All of this is key to understanding the need for a DevOps (Development and Operations). Which is frequently used to describe a pipeline for code development that utilizes some of the core concepts in Agile method and adds automation. Arises from the ability and need to iterate, test, and deploy continously.

Continuous Integration/Continuous Deployment

Continuous Integration/Continuous Deployment stands or "CI/CD" for short refers to a developmental pipeline designed to take advantage of automation to iterate quickly on your software product/service.

Do I need CI/CD?

A natural question that arises... The answer is usually NO, surprisingly. You may use parts of it, e.g. a version control system such as git, but maybe you should not invest your time into developing a pipeline for a single experiment you are running in the lab.

Do use it if you are:

  • Developing an application, service, or pipeline that you intend others in the lab to use.
  • Working with multiple collaborators using different machines/configurations/etc.

Additionally, you want to balance your present need of running experiments and with the future rewards of building a pipeline/automation that improves a workflow OR is something that can be built upon.

IDE/Text Editors

There are many text editors that you can use and each have their own advantages/disadvantages.
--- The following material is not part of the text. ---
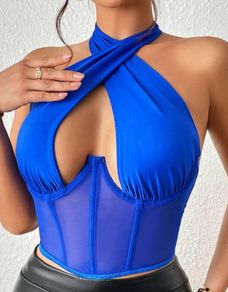 Royal Blue Halter Neck Crop Top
Vim, atom, sublime, VScode and notepad++ are some of the popular text editors out there, but use whatever you are accustomed to or is easier for you. Generally, if you have not had extensive experience with a particular text editor, we recommend VSCode because it is easy to pick up, become proficient, and scales with your growth well via its extensions/add-ons. See tutorial on VS Code

Version Control System

Needs no defintion apart from its name, VCS for short. We use git like everyone else, so please see git tutorial page for more details. The only additional thing to mention here is that keep in mind git is a distributed version control system, this means that commits that you make on a local copy of the repository on your device will not update the remote repository automatically. You have to push these commits to the remote repository via git push command. Similarly, you should have a habit of checking for updates prior to each time you start working on the repository again using the git pull command. You may want to develop on a separate branch.

Integration

There are a lot of continous integration tools such as GitHub Actions, GitLab CI/CD, CircleCI, Jenkins, etc. The usual workflow is:

  1. Changes are pushed to the remote repository
  2. A Hook or Polling mechanism that senses a change to the repository triggers a CI pipeline to spin up VMs with configuration based on a YAML (Yet Another Markup Language) file.
  3. Configured VMs builds the "artifact", e.g. docker image, python package, C++ libraries, etc.
  4. An automated testing suite is run, this usually includes unit and integration tests.
  5. If tests pass, the artifact is pushed to registry for later deployment. If tests fails, it notifies contributer.

GitLab CI and Github Actions are integrated with the remote repository service and would be easier to use for integration.

Containerization

Containerization describes a technology of encapsulating the environment in which a software, software subcomponent, or a process is meant to run in. Think of it as a wrapper or a... "container". They are used throughout the CI/CD pipeline, particularly for build, integration, and deployment. Details are in the container tutorial.

Documentation and Best Practices

Document as much as reasonably possible for your future self and others. Use single- and multi-line comments throughout your code. If you want to build a tool or API others may use, think about using something like Sphinx (Python projects) or Doxygen (C++ projects).